Roehill Springs Distillery is a small artisan Distillery, based in a building on the third generation, family-run farm at Newtack, Crossroads, Grange, KEITH.

As this is a small artisan business, all work is carried out by family members who live on the farm.  It is distilled, bottled, labelled, waxed and packaged by hand, on-site at our farm which has been in the Morrison family for over 60 years. 

Roehill Springs Distillery comprises of husband and wife team Duncan and Shirley Morrison.

Duncan is the master distiller!  As well as running the family farm, he has also worked for 12 years as a stillman and gained the Institute of Brewing & Distilling’s General Certificate in Distilling.  Duncan has thought about making his own gin for years, but finally had the courage a couple of years ago to go for it!

Numerous batches of gin were made using different botanicals and different quantities of botanicals.  We kept note of all of the different recipes and we nosed and tasted them ourselves at first, before offering them to family members and friends for their feedback.  

Recipe No. 5 came out the firm favourite and so, after some pondering about a name, someone suggested it be called Gin No. 5 – and so it is!

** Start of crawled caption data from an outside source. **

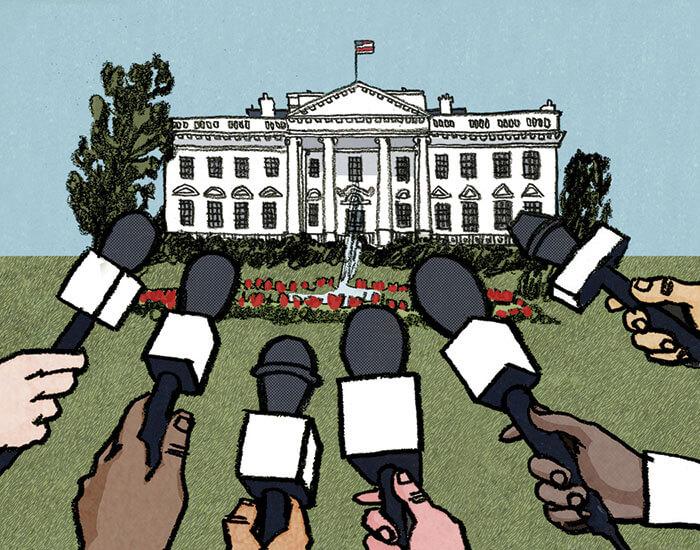 Illustration of microphones pointed toward the White House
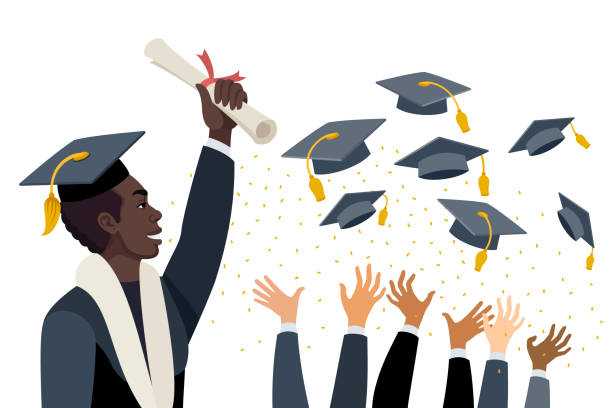 Young African American Man at graduation. Students throw graduation caps in the air. vector art illustration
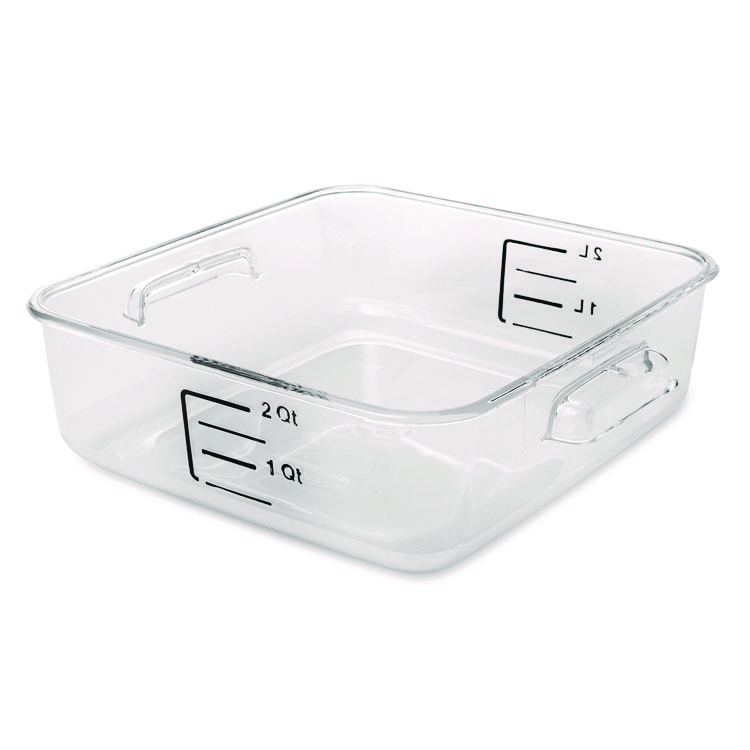 Rubbermaid Commercial SpaceSaver Square Containers, 2 qt, 8.8 x 8.75 x 2.7, Clear, Plastic (RCP6302CLE)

Our premium, small batch, handcrafted gin is distilled in a 30 litre traditional pot still, capturing only the heart of the run, using the finest locally foraged and traditional botanicals and our own natural spring water.  The spring rises on land known as Roehill – named because of the abundance of roe deer roaming freely on the land. So, what name would we give to our new business? Roehill Springs Distillery of course! It followed then that a roe deer head would be the perfect Logo.  Roe deer are elegant, graceful and rather secretive; qualities we hope you will agree could be used to describe our gin.

Our traditional copper pot still with a large column and built-in vapour basket gives the vapour lots of copper contact – stillmen call this “the copper kiss” – which makes for a lighter, fruitier gin.

Here’s an interesting fact about the water we collect from our own natural spring (Roehill Spring) for the distillation and reduction processes. Up until 1977, Roehill Croft was occupied by brother and sister, John and Bell Wood. The croft house had no electricity or running water.  Every day, rain or shine, Bell would walk down through the fields into the haugh, a wooden yolk around her shoulders with a bucket either side, to fetch the water for household use.  The hardy pair lived well into their 90’s.  Perhaps the water from Roehill Spring has secret health-giving properties?